Legal Domain Adaptation of Modern BERT Models

Legal Domain Adaptation of Modern BERT Models

现代 BERT 模型的法律领域适配

We investigate domain adaptation of modern BERT models in the legal domain. We further pre-train ModernBERT on all US court opinions using the masked language modeling objective. 我们研究了现代 BERT 模型在法律领域的领域适配问题。我们使用掩码语言建模(Masked Language Modeling)目标,在所有美国法院判决书上对 ModernBERT 进行了进一步的预训练。

Although ModernBERT has been trained on roughly 500x more data than original BERT, we still find that this model benefits from further pre-training and domain adaptation in the legal domain: we report significant improvements compared to vanilla ModernBERT on all datasets connected to US court opinions. 尽管 ModernBERT 的训练数据量约为原始 BERT 的 500 倍,但我们发现该模型在法律领域进行进一步预训练和领域适配仍能获益:与原始的 ModernBERT 相比,我们在所有与美国法院判决书相关的数据集上都观察到了显著的性能提升。

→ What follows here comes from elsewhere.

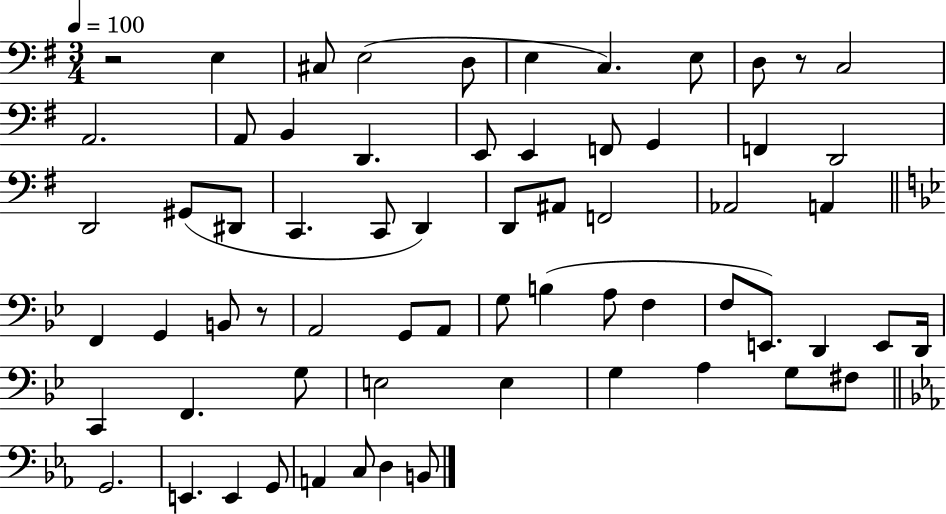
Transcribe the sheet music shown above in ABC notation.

We find gains similar to those reported in early work on domain adaptation of BERT-like models. However, from scratch pre-training does not match the performance of further pre-training an existing ModernBERT checkpoint in our experiments. 我们发现这些增益与早期关于 BERT 类模型领域适配的研究报告相似。然而,在我们的实验中,从零开始预训练的效果并不如在现有的 ModernBERT 检查点(checkpoint)基础上进行进一步预训练的效果好。

The resulting models are capable of processing sequences up to 8,192 tokens, and can be used to compute meaningful embeddings of legal passages, or could quickly rerank hundreds of legal passages for a given search query. We release all model checkpoints publicly. 最终得到的模型能够处理长达 8,192 个 token 的序列,可用于计算法律文本的有意义嵌入(embeddings),或针对给定的搜索查询快速对数百条法律文本进行重排序。我们已公开所有模型检查点。